[Opening Exercise data section]

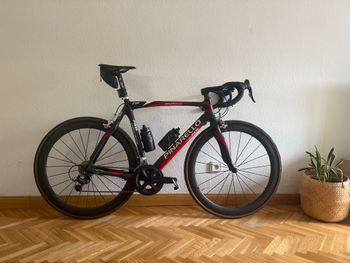 Used Pinarello Pinarello Custom Shimano Ultegra 2013 Road & Gravel — image 2 of 8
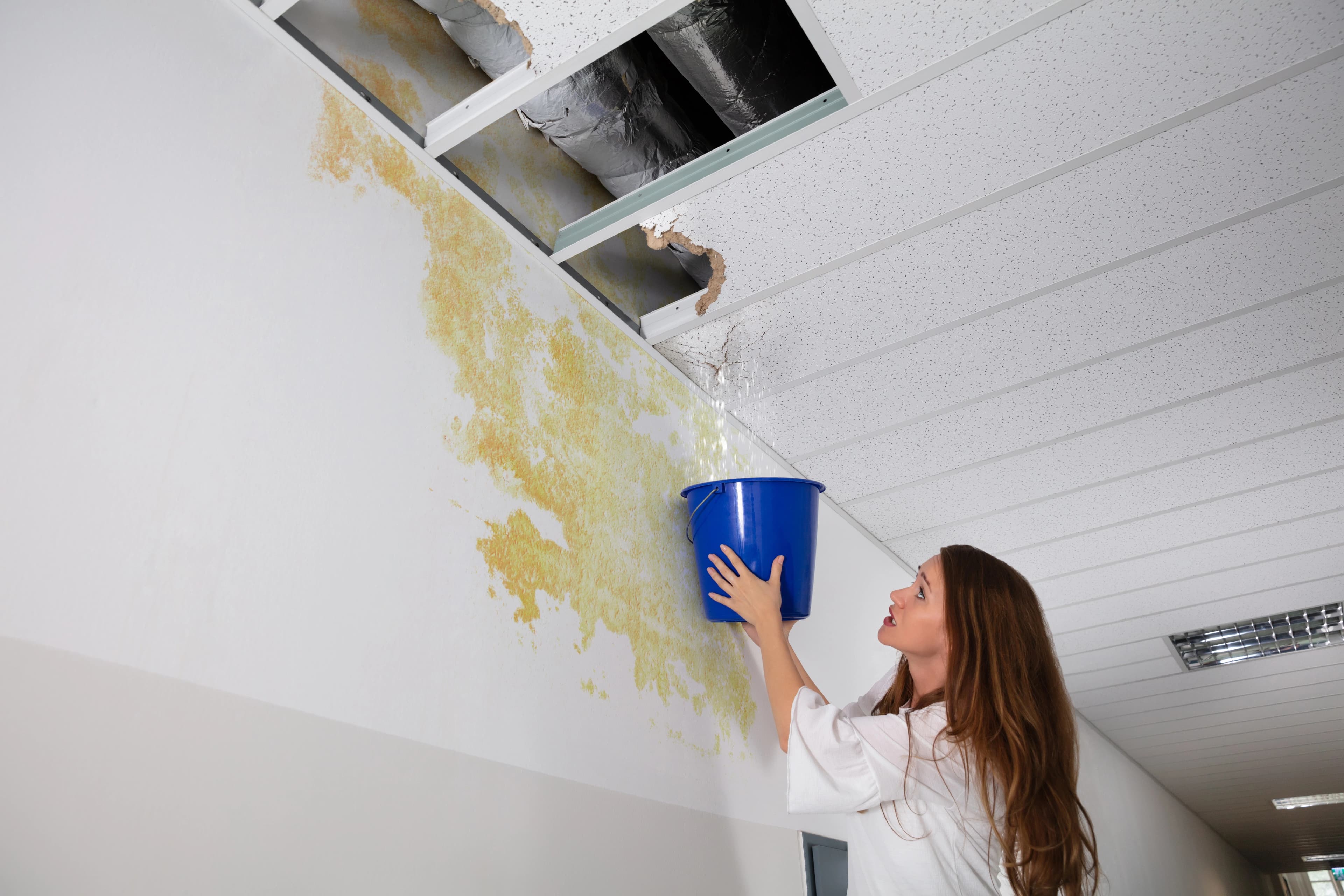 Ceiling Water Leak Bucket Catch
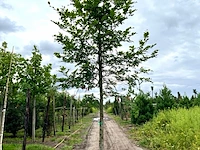 3x beuk, fagus sylvatica, hoogstam, groenbladig, ca. 5 m hoog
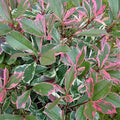  Photinia X Fraseri 'Pink Marble' Fotinia Variegata Pianta Da Siepe H.20/40 Cm 20/40 Cm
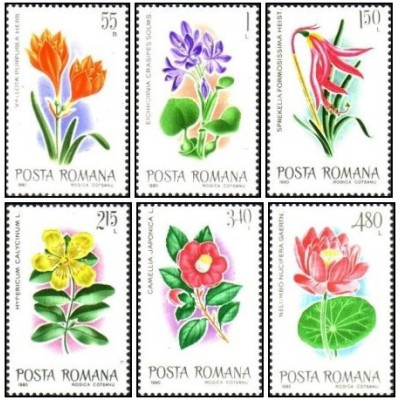 6 عدد تمبر  گل ها - باغ گیاه شناسی، بخارست -  رومانی 1980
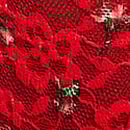 Blossom Lace Cheeky Panty, Bright Vermillion Roses, swatch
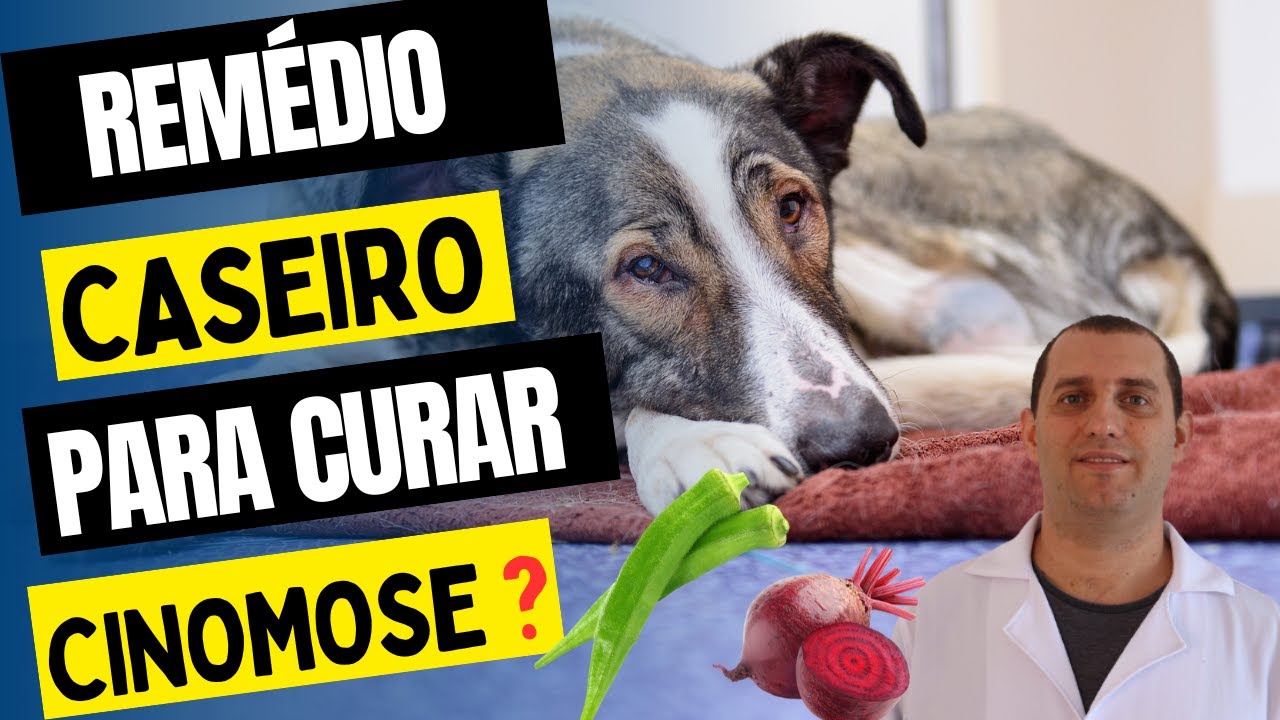 Remédio caseiro para curar cachorro com cinomose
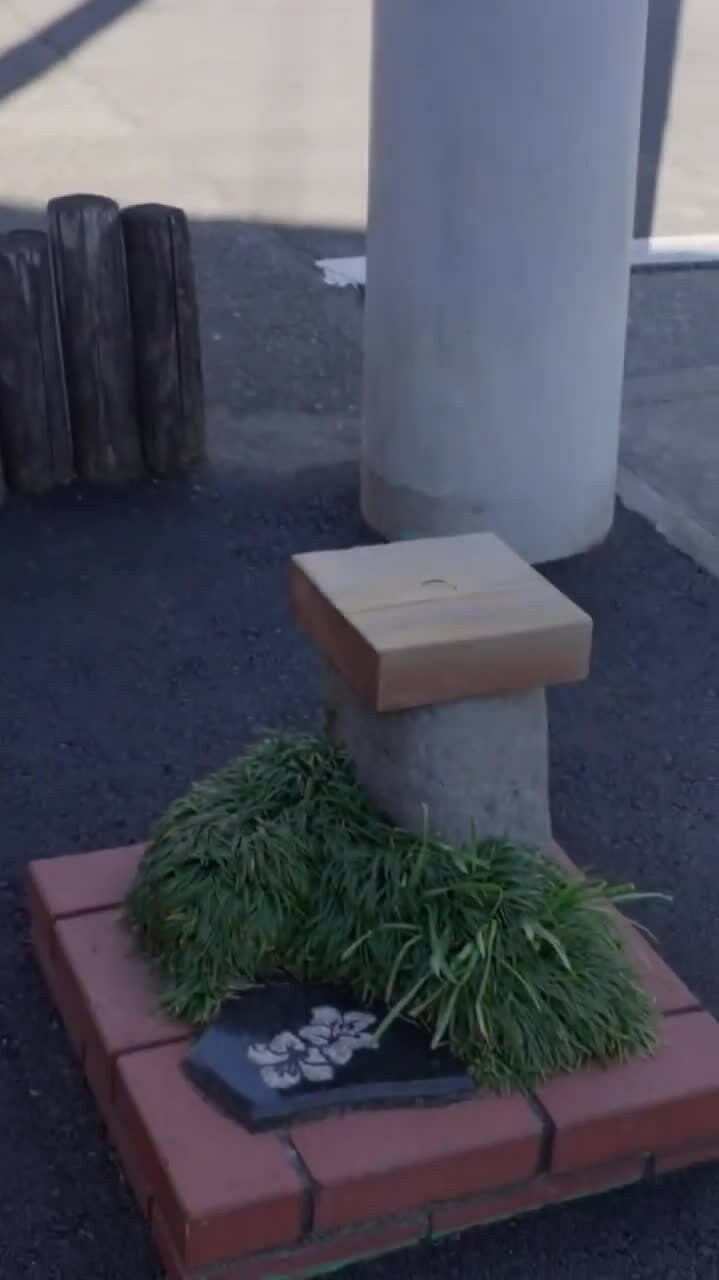 Ngày nay, công viên được người dân địa phương sử dụng làm nơi thư giãn cũng như khách du lịch chụp ảnh. Ảnh Guinness World Records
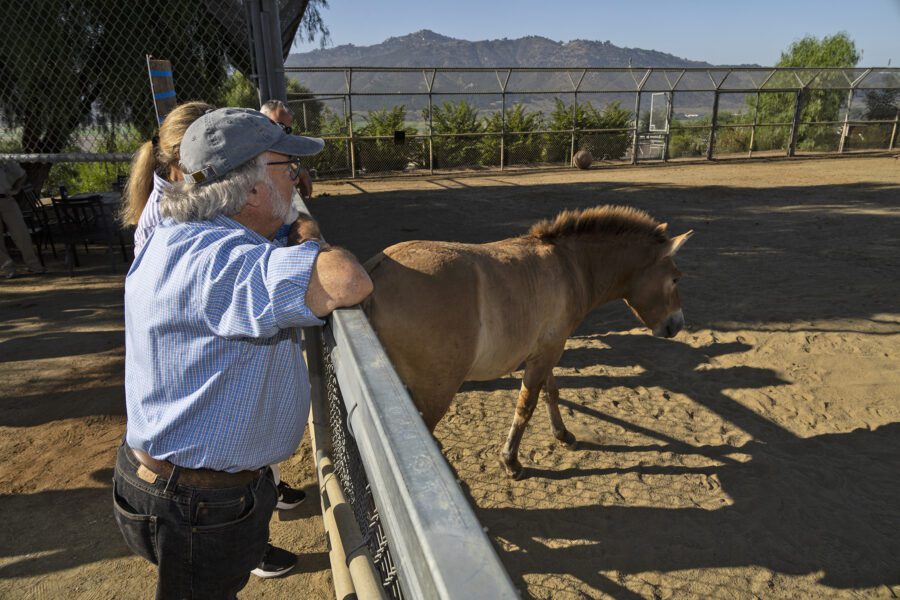 Dr. Oliver Ryder looks at his namesake, Ollie, the world’s second cloned Przewalksi’s horse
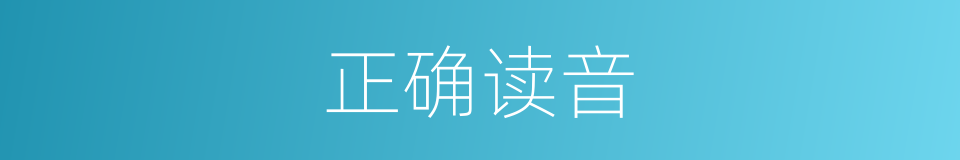 正确读音的意思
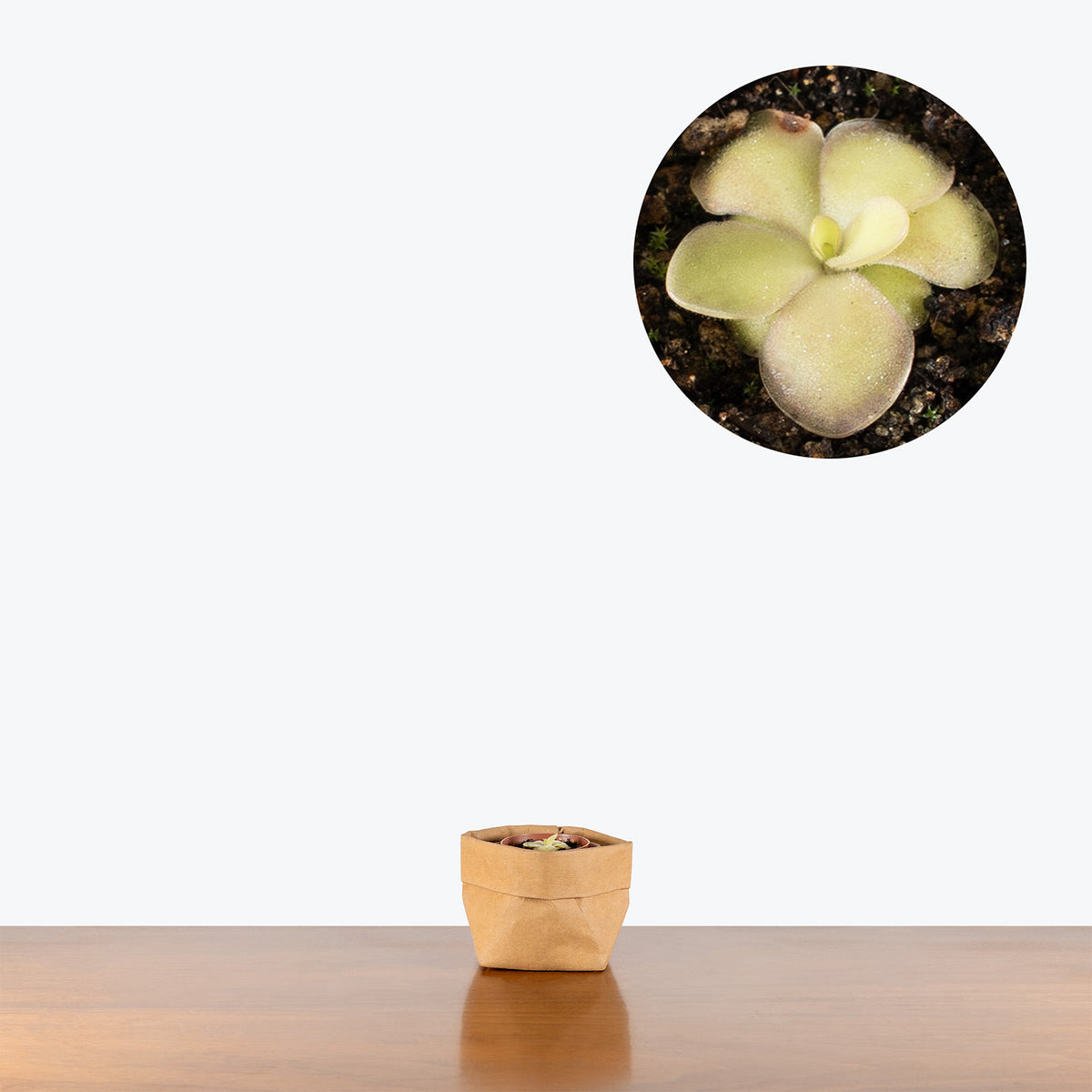Pinguicula Agnata El Lobo x Huahuapan | Butterwort | Care Guide and Pro Tips - Delivery from Toronto across Canada - JOMO Studio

[Closing Exercise data section]

From the line that contains "Ngày nay, công" to the last line of the data above, inclusive, transcribe every line exactly and only those lines, omitting pictures.

Answer for the task —
 Ngày nay, công viên được người dân địa phương sử dụng làm nơi thư giãn cũng như khách du lịch chụp ảnh. Ảnh Guinness World Records
 Dr. Oliver Ryder looks at his namesake, Ollie, the world’s second cloned Przewalksi’s horse
 正确读音的意思
Pinguicula Agnata El Lobo x Huahuapan | Butterwort | Care Guide and Pro Tips - Delivery from Toronto across Canada - JOMO Studio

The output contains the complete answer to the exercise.